Short descriptive text snippets:
------------------------------------

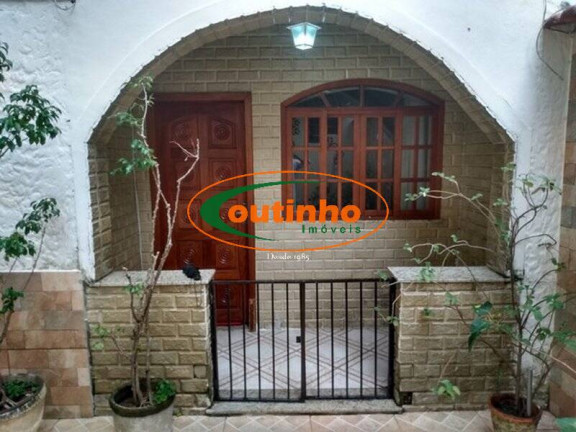 Imagem Apartamento com 2 Quartos à Venda, 85 m² em Grajaú - Rio De Janeiro Imagem Apartamento com 2 Quartos à Venda, 85 m² em Grajaú - Rio De Janeiro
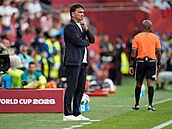 Chorvatský kou� Zlatko Dali�.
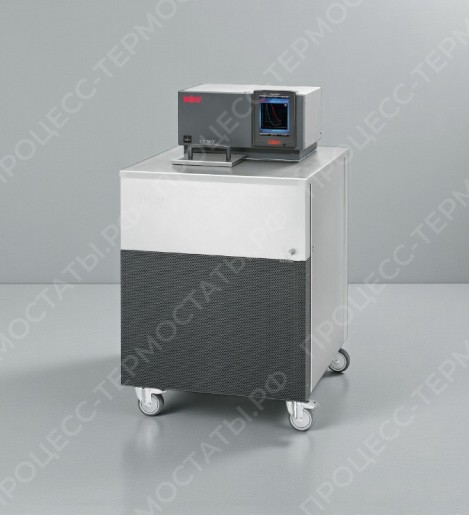 Циркуляционный термостат Huber CC-902 с Pilot ONE (с натуральным хладагентом)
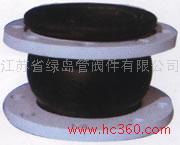 供应橡胶补偿器(DN15-600)
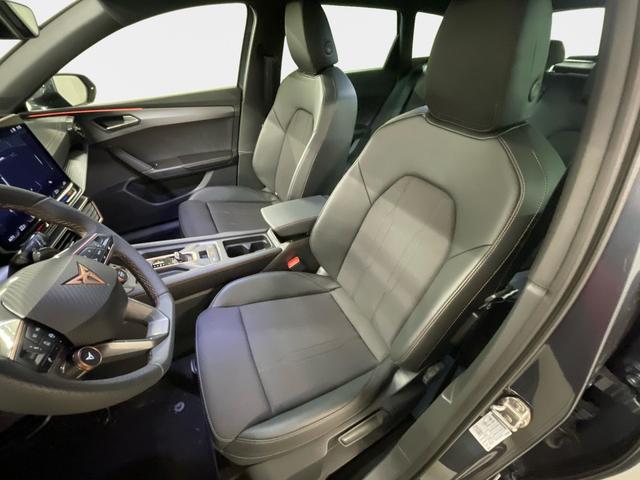 Cupra Leon Sportstourer 1.5 eTSI 150PS/110kW DSG7 2026 | +AHK +NAVI +CUPRA HD Matrix +RFK +5J Erw. Garantie 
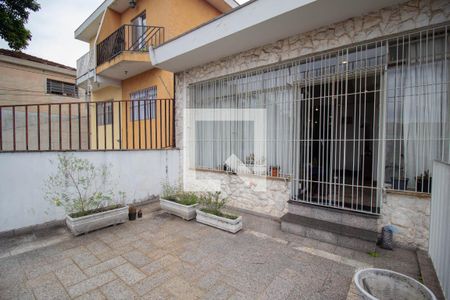 Casa à venda com 297m², 3 quartos e 5 vagasVaranda da Sala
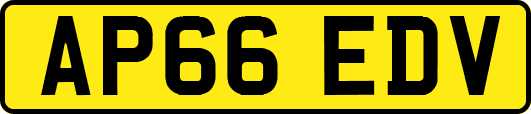 AP66EDV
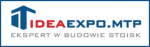 Logo IDEAEXPO.MTP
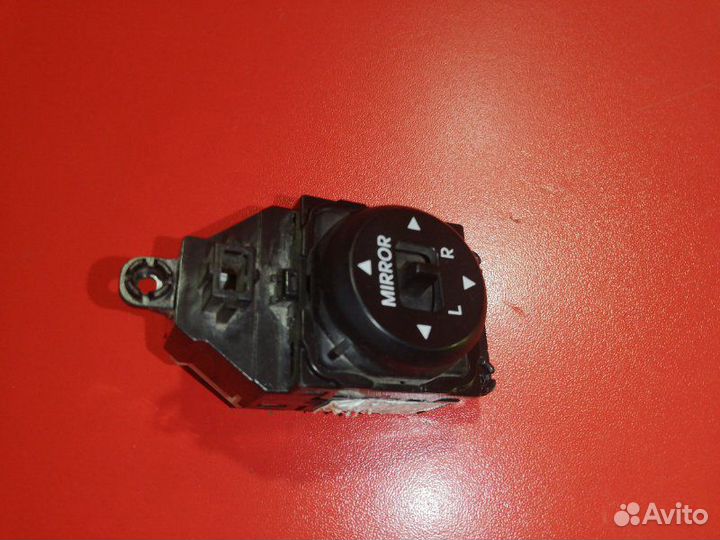 Блок управления зеркалами передний левый Hyundai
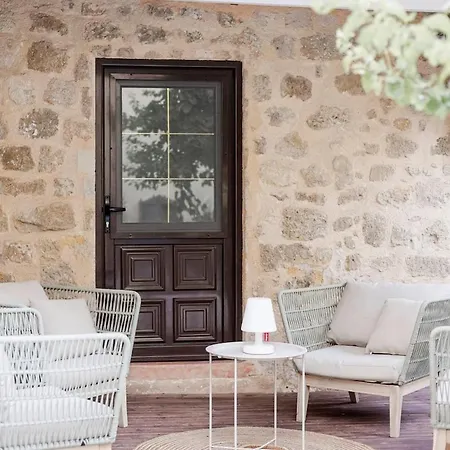 Casa De La Flora By Rhodes4vacation * עיר רודוס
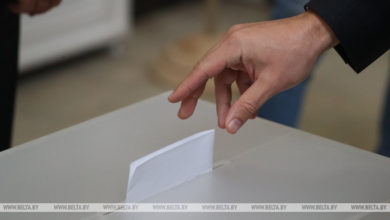Photo of В 65 городах Италии проходит второй тур муниципальных выборов |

------------------------------------

Take the line containing "Chorvatský kou� Zlatko Dali�." and every line after it up to the end of the entries, and quote them exactly. Both ends count; the pictures do not.

OUTPUT
 Chorvatský kou� Zlatko Dali�.
 Циркуляционный термостат Huber CC-902 с Pilot ONE (с натуральным хладагентом)
 供应橡胶补偿器(DN15-600)
 Cupra Leon Sportstourer 1.5 eTSI 150PS/110kW DSG7 2026 | +AHK +NAVI +CUPRA HD Matrix +RFK +5J Erw. Garantie 
 Casa à venda com 297m², 3 quartos e 5 vagasVaranda da Sala
 AP66EDV
 Logo IDEAEXPO.MTP
 Блок управления зеркалами передний левый Hyundai
 Casa De La Flora By Rhodes4vacation * עיר רודוס
Photo of В 65 городах Италии проходит второй тур муниципальных выборов |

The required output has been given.